|Children not allowed out with friends|
|Detail:|| The charity, Children’s Society, as part of a series of reflections on childhood called “Good Childhood Inquiry” found out that 43% of 1,148 adults quizzed in Britain, would not allow children to go out with friends until they were 14. The over-60s were the most cautious respondents with 22% raising the age bar higher to 16 years for going out alone. The survey suggests that fear of youngsters’ safety leads to parental denial of children’s freedom outside home.|
Curbing children’s freedom to go out and spend time with friends has serious consequences for children’s development and well-being. Chief executive of the Children's Society Bob Reitemeier said: "Children have told us loud and clear that friendship matters and yet this is an area in which we appear to be failing them….As a society we are in a real quandary. On the one hand we want freedom for our children, but on the other we are becoming increasingly frightened to let them out." Mr. Reitemeier cautioned: "If we go too far down the road of being over-protective and not allowing children to explore, to play, to be up with their peers, but also with children of other ages, then we may be influencing the way in which they look at society and social interaction later on."

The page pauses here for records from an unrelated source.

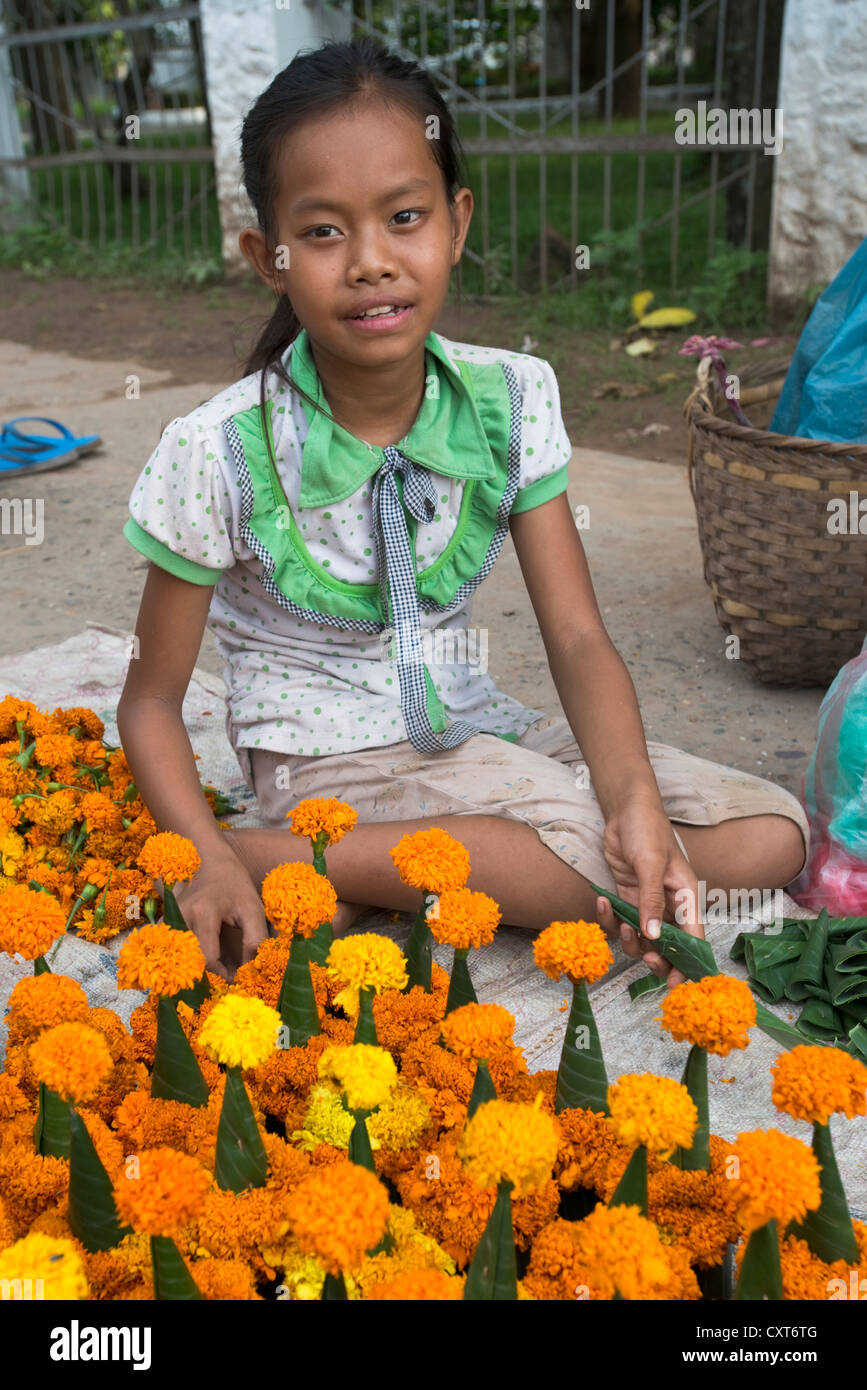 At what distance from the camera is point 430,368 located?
76.5 inches

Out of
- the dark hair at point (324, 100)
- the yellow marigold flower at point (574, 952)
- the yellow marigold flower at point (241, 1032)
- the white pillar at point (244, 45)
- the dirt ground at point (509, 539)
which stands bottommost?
the dirt ground at point (509, 539)

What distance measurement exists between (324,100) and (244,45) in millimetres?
5621

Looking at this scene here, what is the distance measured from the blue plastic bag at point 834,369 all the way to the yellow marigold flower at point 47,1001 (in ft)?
6.35

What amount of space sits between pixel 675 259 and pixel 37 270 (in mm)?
4401

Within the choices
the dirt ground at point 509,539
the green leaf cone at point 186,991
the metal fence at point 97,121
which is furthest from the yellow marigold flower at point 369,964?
the metal fence at point 97,121

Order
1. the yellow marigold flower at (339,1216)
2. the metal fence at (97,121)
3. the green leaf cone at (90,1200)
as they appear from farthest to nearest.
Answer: the metal fence at (97,121)
the green leaf cone at (90,1200)
the yellow marigold flower at (339,1216)

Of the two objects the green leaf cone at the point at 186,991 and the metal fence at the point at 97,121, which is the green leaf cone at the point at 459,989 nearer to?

Teachers too have expressed concern about the lack of play in the curriculum. There are also fears youngsters face too much pressure from national tests. Adrian Voce, from the Play England project, however said it was unfair to blame parents: "Compared to the well-being derived from being out and about and socialising and growing and developing, weighed up against real threats to your child's safety - real or perceived threats - it's a no-brainer for parents…They'd rather their child was short of a few friends and over-weight than dead on the road."